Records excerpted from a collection
= Beginning of Section =

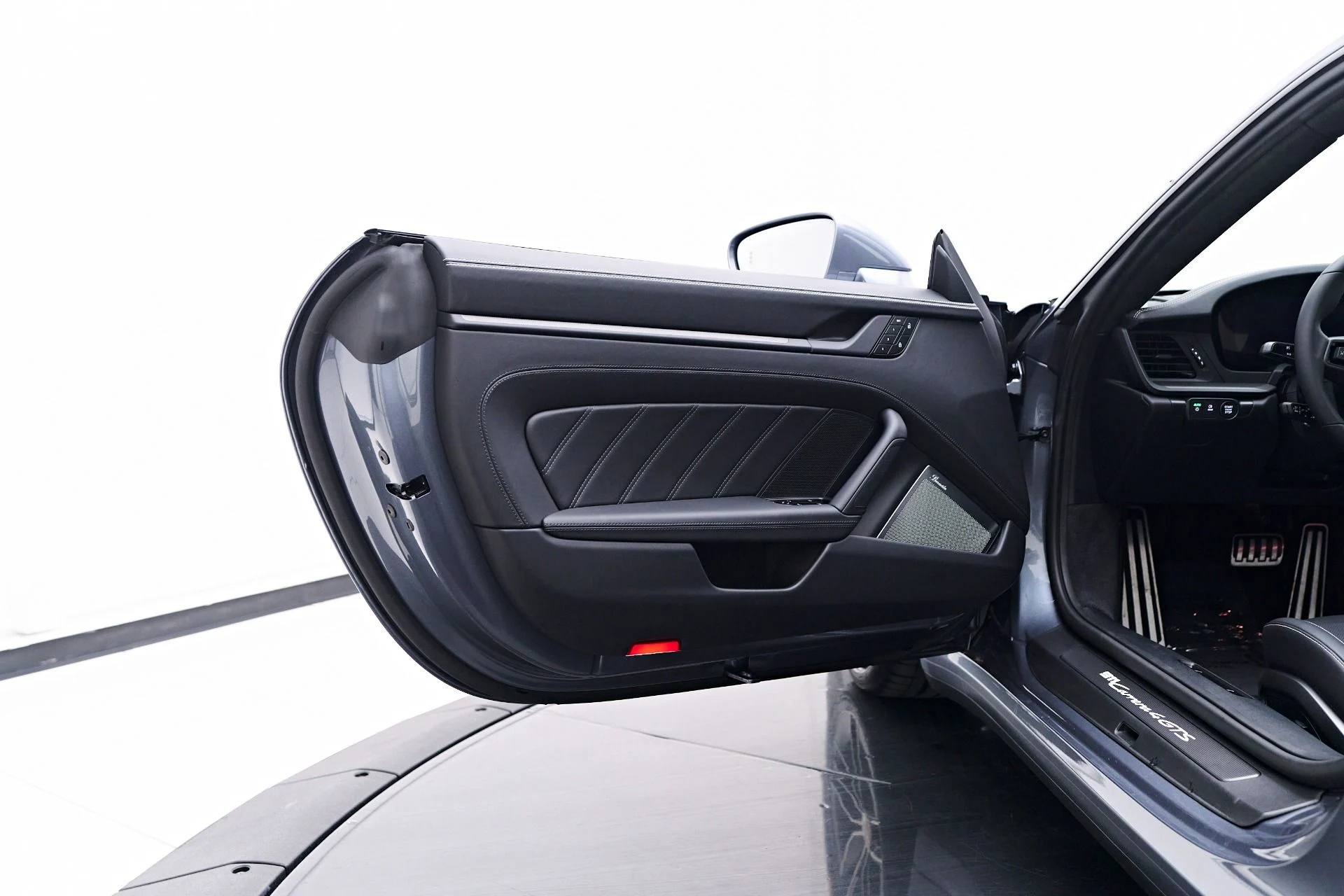 mph033_2149112227_Used_2025_Porsche_911_Carrera_4_GTS_1755103628_9b07abf33e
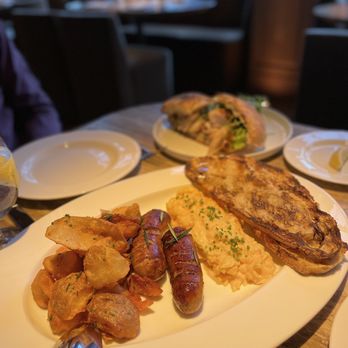 RH Guesthouse - American breakfast - Guest Houses Near Me - New York, New York RH Guesthouse - American breakfast - Guest Houses Near Me - New York, New York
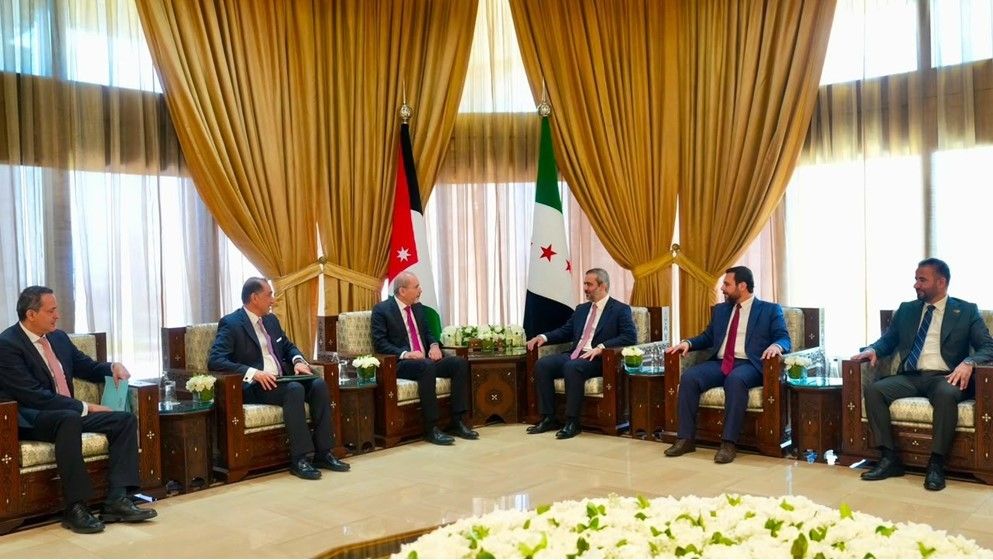 Safadi meets Sharaa in Damascus as Jordan and Syria plan October summit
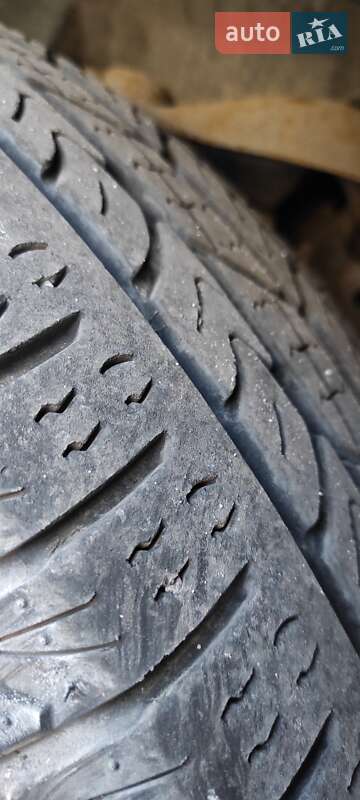 Пікап Nissan Titan 2004 в Запоріжжі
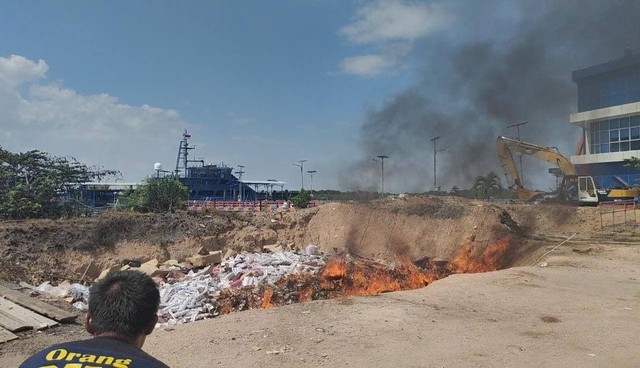 Pemusnahan barang ilegal tangkapan oleh petugas Bea Cukai Karimun. (Foto: Edo/Batamnews)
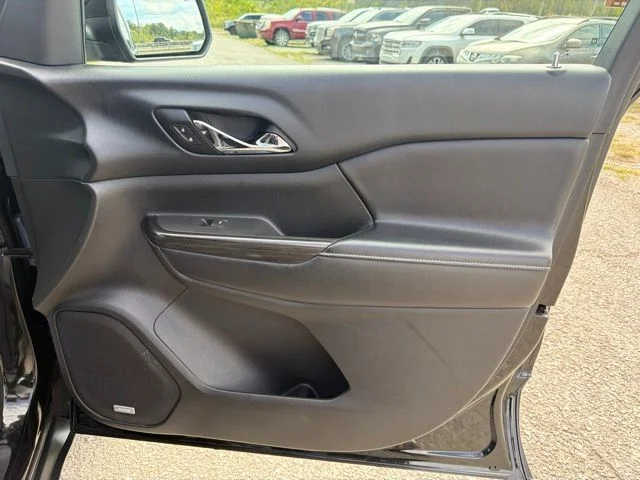 Used 2018 Black GMC SLT-1 image 25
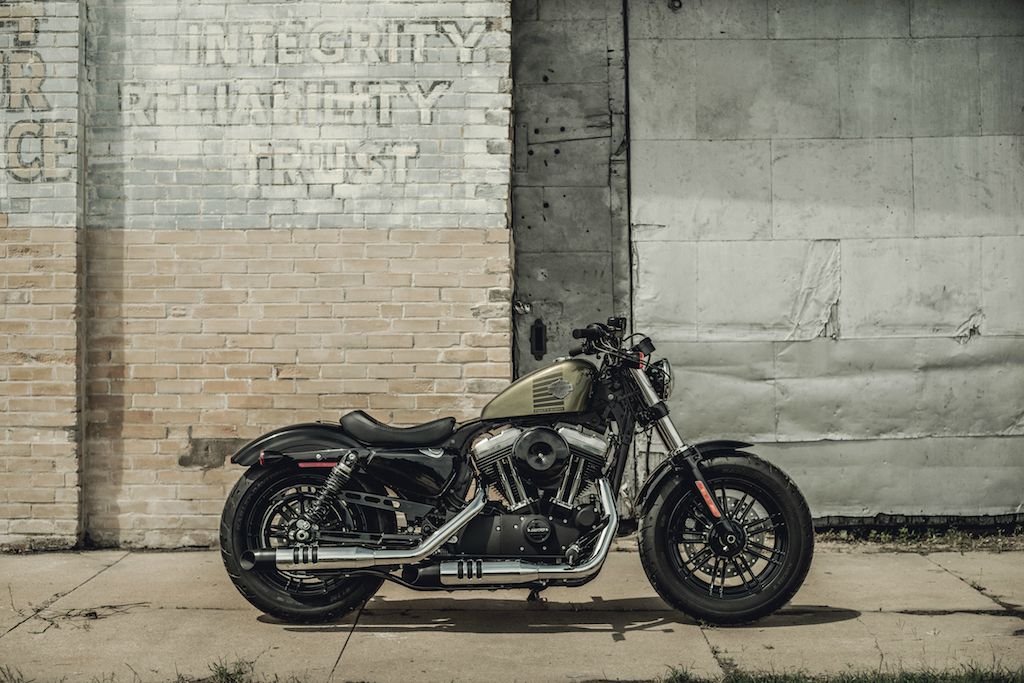 2016 Harley Iron 883 Test Ride Competition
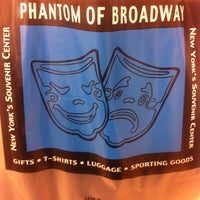 Foto tirada no(a) Phantom Of Broadway por Paul L. em 9/5/2013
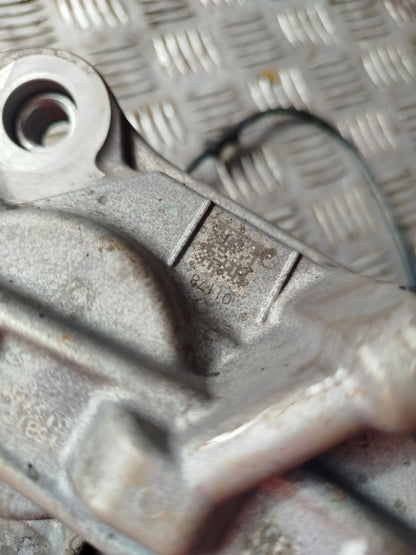 2015 Mercedes W205 C200 AMG Brake Caliper Front Right Warranty A061 - Image 9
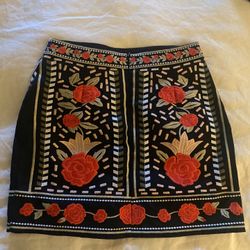  Herencia Skirts Size Small 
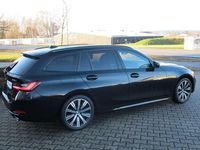 Gebraucht BMW 318 150 PS (110 kW) 2024 Schwarz Kombi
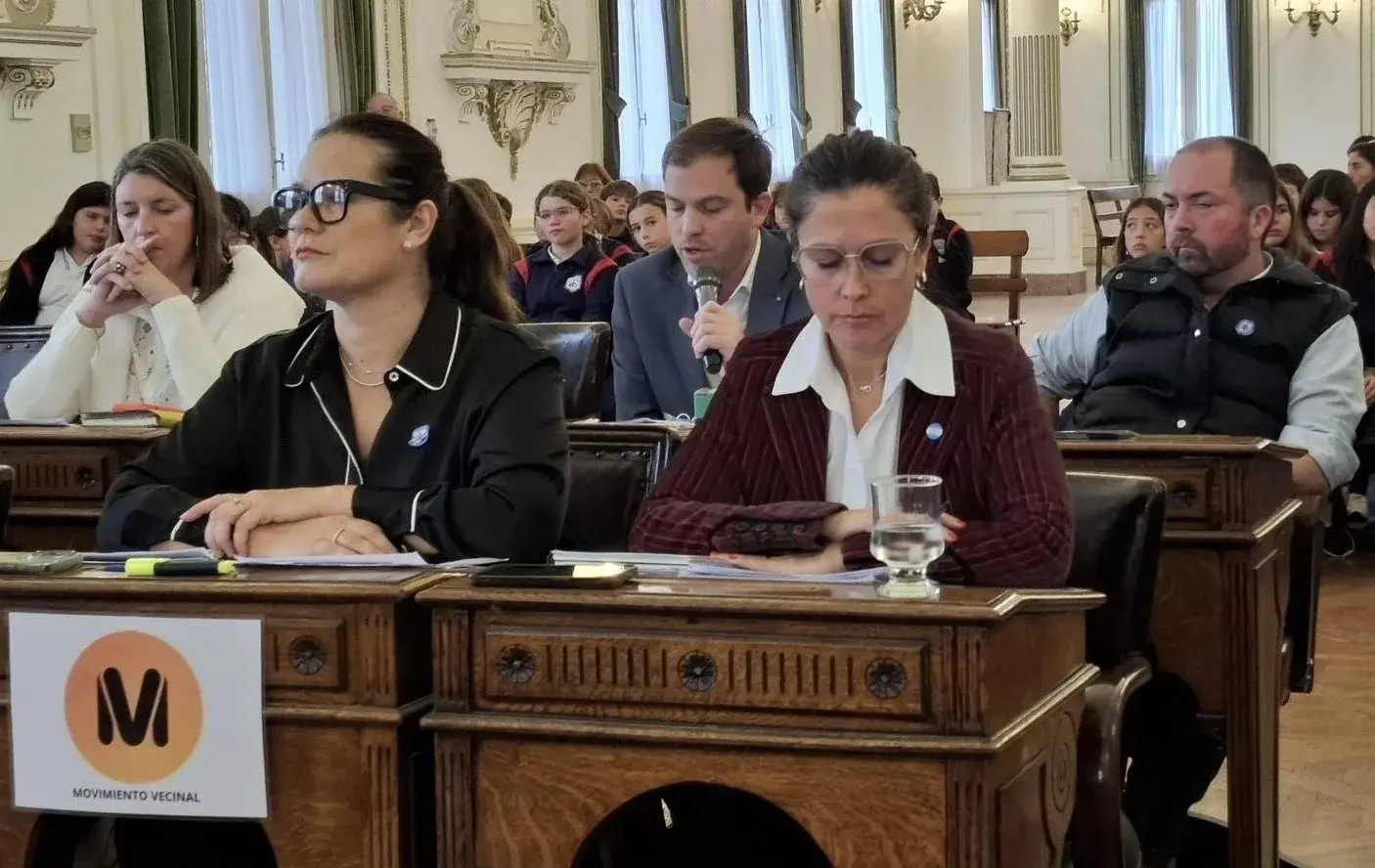 En la interna femenina del MV, Sánchez terció a favor de Saavedra. Y Calvo se fue del bloque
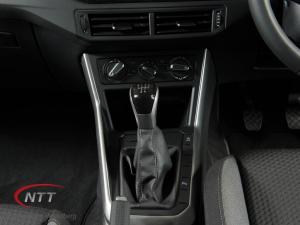 Volkswagen Polo 1.0 TSI Life - Image 18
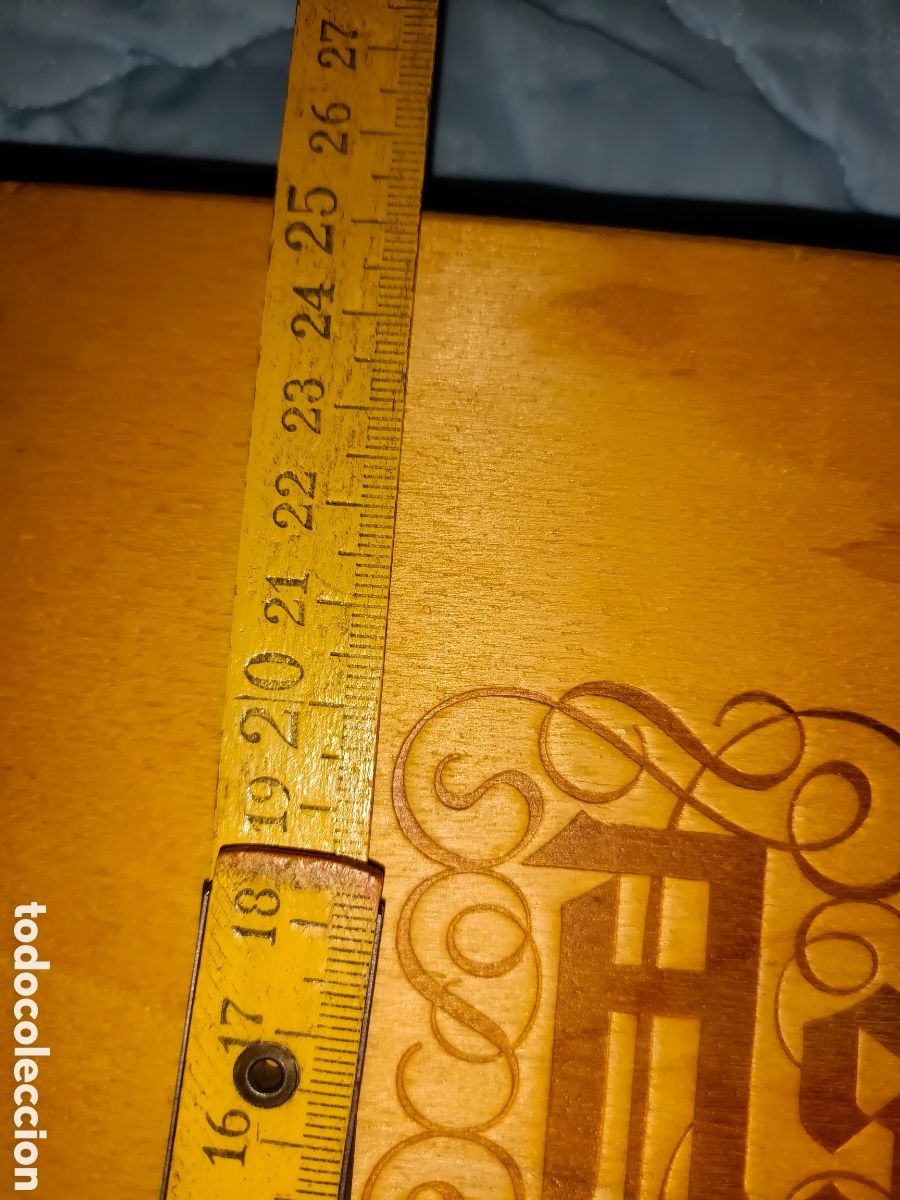 Coleccionismo: Caja vac&iacute;a de madera - Foto 4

= End of Section =

TASK REQUIREMENTS
Please leave out the pictures as you reproduce the lines exactly, from the first line of the entries through the line containing "Foto tirada no(a)".

EXERCISE RESULT
 mph033_2149112227_Used_2025_Porsche_911_Carrera_4_GTS_1755103628_9b07abf33e
 RH Guesthouse - American breakfast - Guest Houses Near Me - New York, New York RH Guesthouse - American breakfast - Guest Houses Near Me - New York, New York
 Safadi meets Sharaa in Damascus as Jordan and Syria plan October summit
 Пікап Nissan Titan 2004 в Запоріжжі
 Pemusnahan barang ilegal tangkapan oleh petugas Bea Cukai Karimun. (Foto: Edo/Batamnews)
 Used 2018 Black GMC SLT-1 image 25
 2016 Harley Iron 883 Test Ride Competition
 Foto tirada no(a) Phantom Of Broadway por Paul L. em 9/5/2013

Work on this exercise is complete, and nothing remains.